Here’s how I structure my problem-solving approach for something like startup funding, applying Graham’s Maker/Manager model to each step:
| Problem-Solving Step | Job to Be Done | Attention Mode | Startup Example |
| 1. Frame the Problem | What are we really trying to solve? Identify and challenge assumptions, clarify objectives, define success. | Maker: best done in the quiet hours before the world gets noisy. | Deep dive into funding constraints, jursidictions, grants. |
| 2. Understand Stakeholders | Who is affected? What matters to them? | Maker then Manager: solo refelection followed by intentional outreach. | Map comprehensive list of investors. Consult advisors and co-founder. |
| 3. Map & Prioritize Sub-Problems | What deserves attention first? Break into discrete issues, sort needs vs wants, identify dependencies, rank priorities. | Maker: deep focus yield richer breakdowns. | Sort legal, financial, networking questions. |
| 4. Audit Resources & Gaps | What is missing: skills, information, money, or connections? Assess required vs available resources, identify and bridge gaps. | Manager: batch calls & emails, coordinate quick iterative action. | Gather referrals, vet networks. |
| 5. Develop & Test Solutions | Where are we going?
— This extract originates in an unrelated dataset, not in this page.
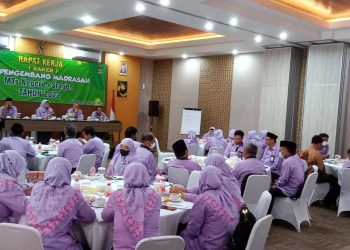 Wujudkan Visi Misi Madrasah yang Berkelas Dunia, Kamad MTsN 5 Sragen adakan Raker EDM dan Paparan Proker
Generate options, run small scenarios or tests, explore how how paths converge or diverge. | Maker: requires uninterrupted time to get lost before getting clear. | Sketch and iterate capital structures. |
| 6. Plan & Act | How do we get there? Assign tasks, schedule & track actions, adjust project plan. Measure progress to outcomes. | Manager: classic project management. | Schedule meetings, move documents forward. |
By sequencing tasks according to attention mode, I avoid cramming creative analysis into leftover time.
📝 Why It Matters
When I worked in corporate, structure was handed to us, which I found sometimes stifling. However, I’ve learned from Toastmasters that constraints are necessary for creativity to thrive. But in startups, there are no guardrails. There are no established processes, no regular meeting cadences…. There is only what we design.
By engineering my schedule to match each problem-solving phase – especially giving deep work its necessary space even if it means a two-day Maker task is spread over four Maker half-day mornings – has unlocked better solutions and significantly less rework. Fewer sprints, more marathons. This is more than just my personal preference: it’s the difference between playing to win and just spinning wheels, wasting resources. It’s how my cofounder and I are laying scalable foundations for growth.
Of course, some problems really do require immediate action. Learning to triage firefighting from strategic issues deserves its own post. But for foundational work? Protecting attention is strategy, not luxury.
💡 How I’m Integrating It
My calendar reflects these learnings:
- Mornings (7am-1pm): Maker time for framing, researching, modeling, writing.
- Afternoons (1pm-5pm): Manager time for meetings, coordination, execution.
- Fridays: Synthesis & reset – reflect, realign, prep for next week.
When urgency builds and productivity slips, I check: Am I matching the attention mode to what the work requires or am I defaulting to reactivity? If I have to triage an emergency, so be it. But for everything else, I guard my calendar, knowing patience now compounds into quality and speed later.
📣 From Me to We
As founders, freelancers and leaders, imagine our potential impact if we intentionally built schedules that protect the right kind of attention at each problem-solving step. What if we stopped defaulting to back-to-back sprints and started designing marathons, letting deep work happen in the rhythm it requires? What would it do to our teams?
Maybe the real impact comes when we accept that scheduling our attention is strategy.